The search for an air-breathing powerplant able to cope with ever-higher speeds has continued since the birth of the jet age. Afterburning turbojets or turbofans met the propulsion needs of supersonic flight to Mach 2 and beyond, but as aircraft speeds moved close to or beyond Mach 3, this technology was barely able to cope.
At speeds of Mach 3 or greater, the ramjet can be a useful powerplant. It is of relatively simple configuration and relies on the forward motion of the engine to produce thrust. The inlet is designed to compress and slow a supersonic airflow down to subsonic speed before routing it to the combustion chamber.
The air temperature in the inlet increases with the speed that the ramjet-powered vehicle is required to fly. This reduces the difference between the inlet temperature and the exhaust temperature, thus reducing the energy can be extracted in the form of thrust. As a result, most ramjet-powered air vehicles fly at speeds of not more than around Mach 4.5.
To obtain higher flight speeds, the incoming air must be slowed and compressed much less than is normal in a ramjet, in order to minimise the rise in temperature. As a result, the combustion chamber must be designed to handle a supersonic airflow. The resulting powerplant is classified as a supersonic-combustion ramjet, a term usually abbreviated to scramjet.
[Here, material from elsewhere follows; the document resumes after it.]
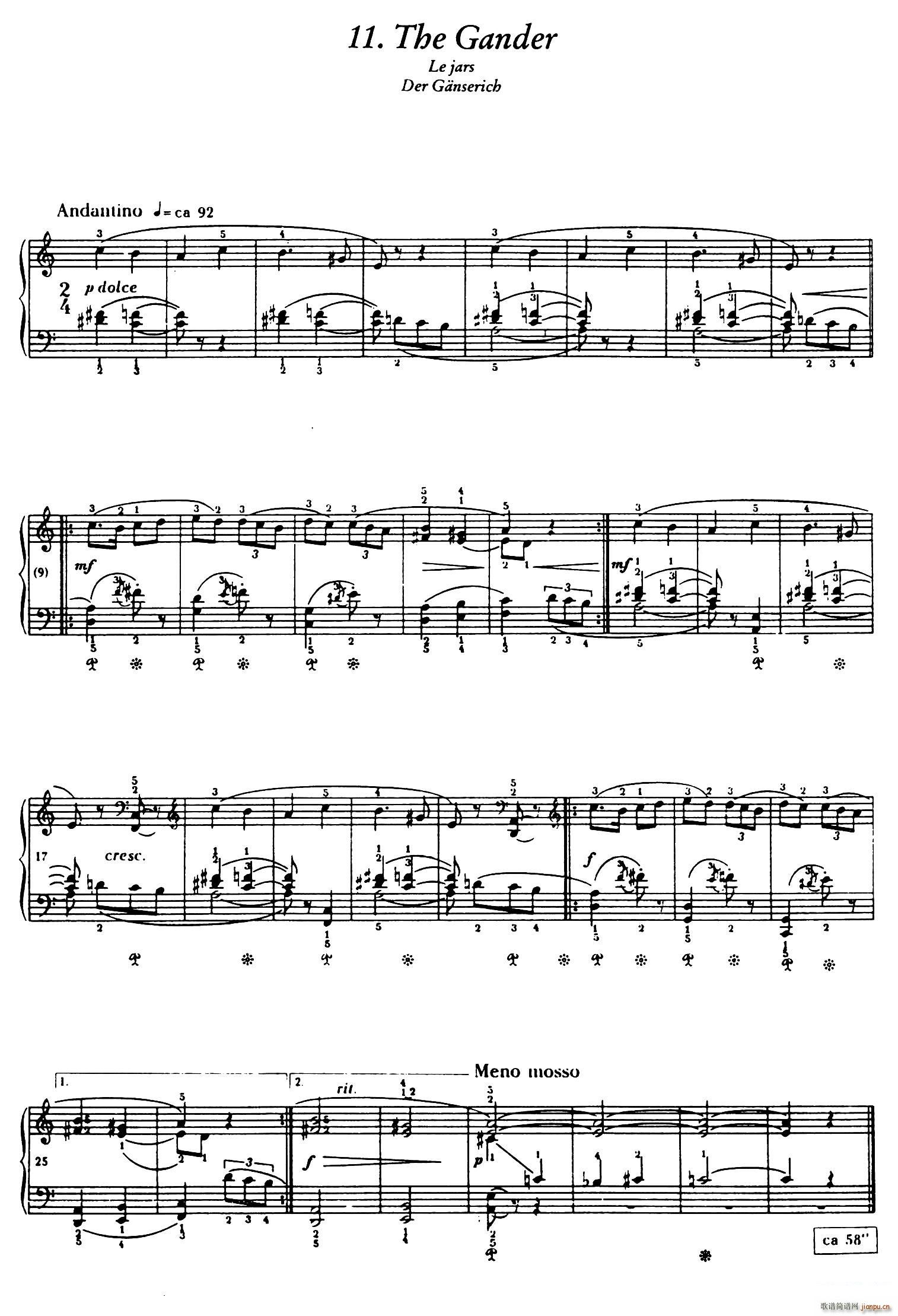 12 Folk Melodies ʮ�������g���{ 11(����V)1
Scramjet engines are more efficient than rocket motors for hypersonic propulsion, and will allow long-duration powered flight. However, they need to be boosted to high speed in order to operate. The simplest way of doing this is by using a rocket booster as a first stage. Since its task is limited to the initial post-launch phase of flight, the booster will be smaller than that needed by an HGV. This makes the entire weapon smaller and lighter than a boost-glide solution of similar range.
Hypersonic Cruise Missiles
This initial rocket boost does not need to bring the vehicle up to its planned cruising speed, but only to the minimum speed needed for scramjet operation. Once started, the scramjet can raise the missile to its planned cruising speed, then maintain that speed all the way to the target. HCMs are likely to fly at altitudes of between 20 km and 30 km, heights defined in part by the need to maintain appropriate pressures for combustion within the scramjet engine.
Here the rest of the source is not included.